Service health dashboard
The Service Health dashboard enables you to observe and track the health of monitored services.
The Service Health dashboard helps you:
- Track the overall health of your services, spot anomalies, and take timely action.
- Track change events that impact your monitored service.
- Observe and analyze dependencies between applications, infrastructure, and data.
- View metrics to analyze patterns, historic trends, performance changes, and correlate the data over a period.
- View log data required for debugging issues.
To view the Service Health dashboard:
- In your Harness project, navigate to the Service Reliability Management module, and then select Monitored Services.
A list of all monitored services appears. - Select the monitored service for which you want to see the health data.
- Select the Service Health tab.
The Service Health dashboard appears.
The Service Health tab is divided into the following sections:
- Change summary
- Overall health score timeline
- Changes list
- Service dependencies
- Metrics, logs, and errors
Change summary
The change summary displays the number of changes in deployments, infrastructure, and incidents for a specific time period. You can specify the time period for which you want to see the data. The available options are:
- Last 24 hours (default setting)
- Last 4 hours
- Last 3 days
- Last 7 days
- Last month
Overall Health Score timeline
The overall health score timeline is a graphical overview of the health of a service over a specified time period. The graph is divided into time slots of equal length. The span of each division depends on the time period setting. The graph displays change in deployments, infrastructures, and feature flags. It also displays incidents. The graph helps you correlate data over a time period and analyze the impact of change on the reliability of the service.
Health scores range from 0 to 100. The total health score calculation is based on the following:
- Incidents
- Events associated with deployments
- Events associated with infrastructure changes
The Overall Health Score timeline has a time window that displays granular details such as health score, incident count, metrics, and logs for a specific time period on the graph. You can move the time window along the graph to choose a specific time period. You can change the time period by using the handles.
Changes list
The Changes list provides a detailed breakdown of all the changes that occurred in deployment, infrastructure, and feature flags during the selected time period. It also displays the incidents from the incident management tool during the selected time period. You can see the following information in the Chages list:
- Deployments such as ECS, Kubernetes, and Helm from the Harness Deployment module.
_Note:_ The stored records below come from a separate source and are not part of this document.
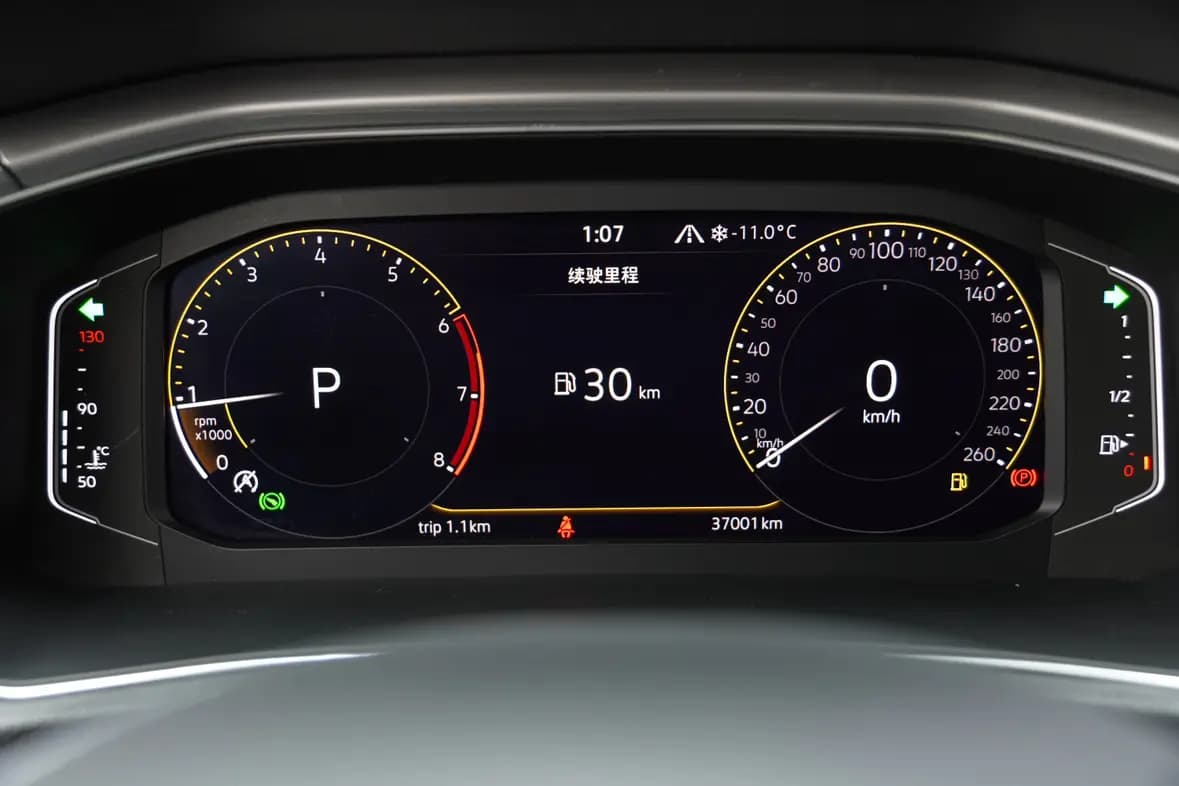 Volkswagen T-Roc 2022 г. 37126 км. — фото 9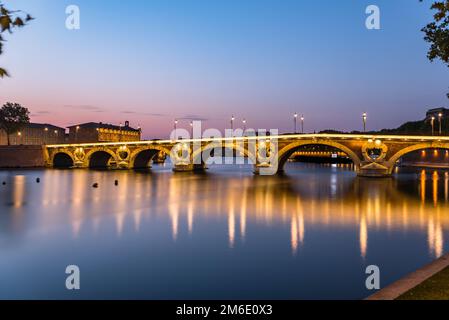 Tramonto nel fiume Garonne e i suoi ponti di Tolosa in Haute-Garonne, Occitania, Francia. Foto Stock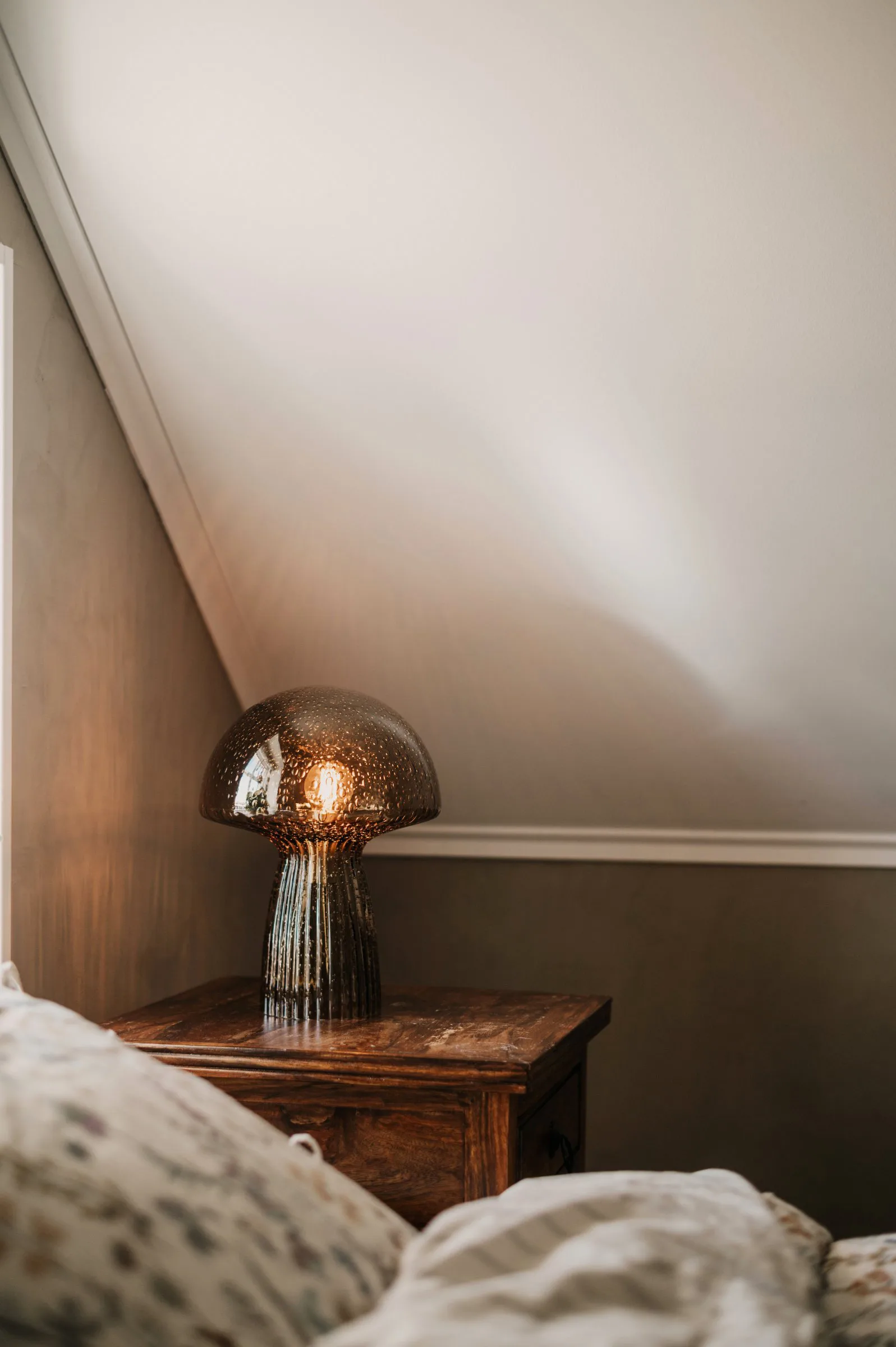 Lampa stołowa Fungo Special Edition brązowa, 30 cm Globen Lighting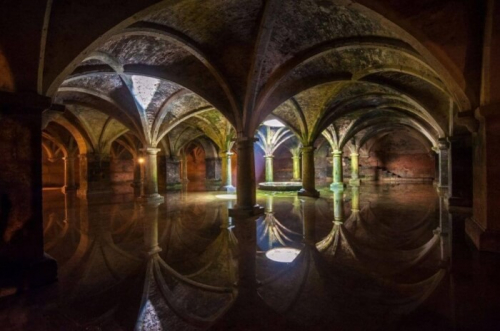 Фотошпалери Затоплений палац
- Infrastructure changes such as Kubernetes events, Terraform audit logs, MongoDB audit events, AWS CloudTrail, GCP audit logs, and Azure audit logs.
- Incidents from incident management tool such as PagerDuty.
Service dependencies
The Service Dependency section graphically displays the dependencies between applications, infrastructure, and data.
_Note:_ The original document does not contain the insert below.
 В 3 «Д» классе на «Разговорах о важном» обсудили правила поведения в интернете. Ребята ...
You can get a quick overview of the service health by selecting a service.
Metrics, logs, and errors
The Metrics, Logs, and Errors tabs display the metrics, log, and error data collected at regular intervals.
Metrics tab
The Metrics tab displays the metrics collected at regular intervals.
You can customize the metrics list using the following filters:
- All Metrics: Displays all the metrics captured by the health sources.
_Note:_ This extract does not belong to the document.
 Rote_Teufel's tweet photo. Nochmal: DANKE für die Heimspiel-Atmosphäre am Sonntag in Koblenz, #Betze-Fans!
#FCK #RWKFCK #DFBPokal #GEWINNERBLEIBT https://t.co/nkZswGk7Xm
- Anomalous Metrics: Displays the anomalous metrics captured by the health sources.
If you've set up Prometheus as the health source, clicking on a metric entry on the Service Health page takes you directly to the Prometheus metrics dashboard.
Logs tab
You can drill down log data using the following filters:
- Known
- Unknown
- Unexpected Frequency
Errors tab
The Errors tab displays a list of all the events, exceptions, log events, HTTP errors, and custom errors.